Hudson's Bay is a retail juggernaut owning Lord & Taylor, The Bay, Home Outfitters, Saks, Saks Off Fifth, Gilt and Kaufhof in Europe. My first role with the company took place in 2009 to 2011. At the time, I was a consultant working for Accenture when I was first introduced to Lord & Taylor as a client. Our mandate was to provide the brains behind the ideas for merging Lord & Taylor with Hudson's Bay. After the Hudson's Bay acquisition took place, we were focused on using our larger scale to drive cost efficiencies and savings from vendors through larger, more optimistic contracts. Eventually we would provide support to Hudson Bay's Zellers team to ready the stores for handover to the short lived Target Canada and determine the best way to position Canada's leading department store, The Bay.
At some point in 2012 after I had left for several months, I was approached by HBC Senior Leadership to leave the consulting lifestyle and officially join the front lines of the industry I was so passionate about. Over the course of the next two years, I provided strategy support to the President, fought vigorously for digital initiatives and even MC'd the company's annual leadership summit. Up through 2014, it was a fantastic four years that serves as the foundation for my retail knowledge and relationships I use each and every day. Working as both a consultant and leader within a company with goals of becoming the world's largest department store operator was a blessing.

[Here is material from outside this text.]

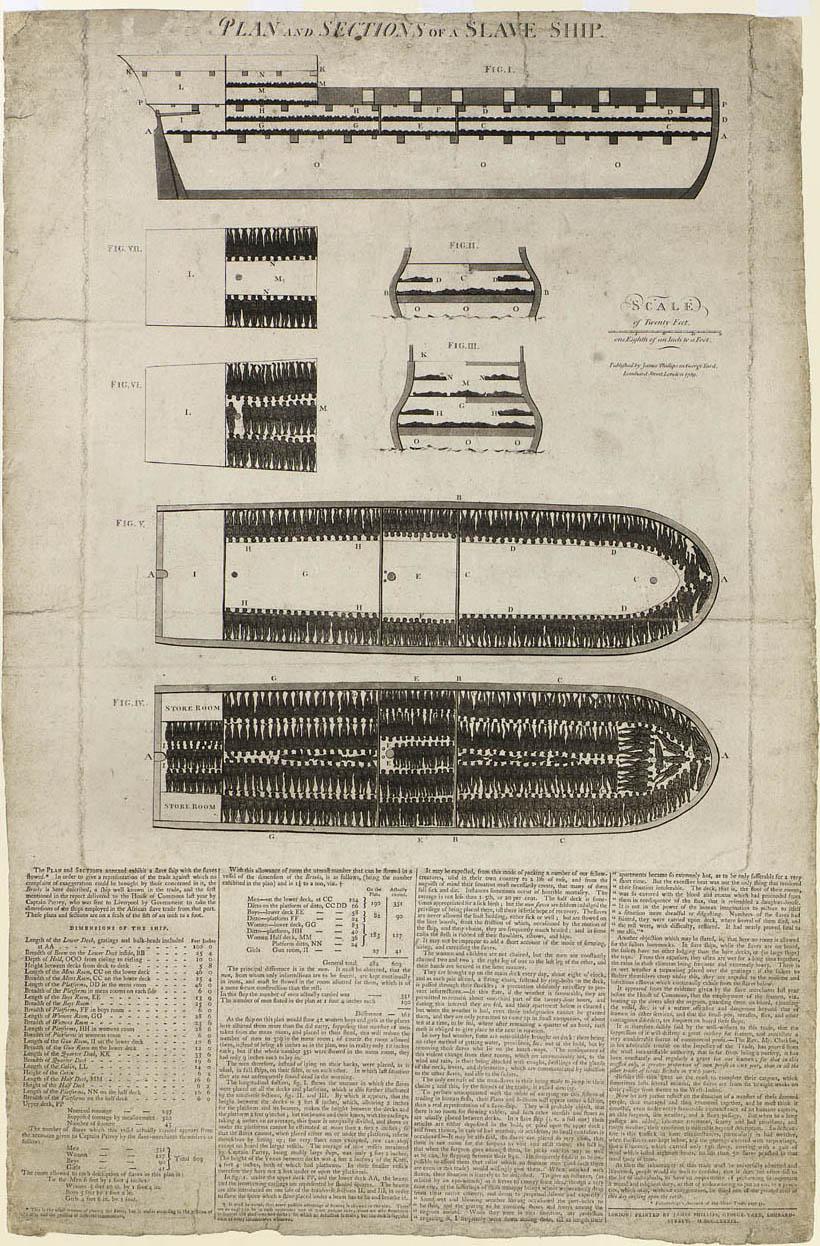 a plan and sections of slave ship Brookes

Unfortunately that goal brought about Thursday's news. Did retail really change that quickly? No. Internal meeting topics back to 2013 included ideas and strategy questions that the media talks about today. Should we downsize as productivity declines? Should our stores shrink in size? Should we fulfill our internet orders from our top stores or our lower performing stores? Should we kill our print catalog and shift that money to digital ads? Should we open more stores to fuel sales growth? Will global brands like Zara and H&M continue to steal share? Is off price the new model?
In actuality, retail is quite healthy and continues to grow at a modest 2-3% each year. Retail spend isn't without it's issues as healthcare and housing expenses have grown but the customer expectations and shopping habits have changed. Pockets of healthy growth are clear in fast fashion, brands opening their own stores, off price stalwarts like TJX and the shift to online spending.
So why do retailers continue to pick the option that is in the best interest of the short term? Growth drives the world. Without growth, investors become displeased and the stock trades down. Without growth, employee morale suffers and focus is lost. Investing in digital, closing stores and shrinking stores kills growth in the short term. This is why Nordstrom is interested in going private. Wouldn't it be great to not have investors from the outside questioning your investments into the business?
Legacy retail must be reminded that business is always tough and the next 5-10 years will be even tougher. Stores will continue to shrink, stores will continue to close, new entrants will continue to come knocking and shoppers will continue to shift online where less profit is made. The golden years of retail are long gone and disintermediation is here for the foreseeable future. Those legacy retailers making the difficult decisions to groom themselves for a smaller, more dynamic and leaner retail industry are the ones that will survive.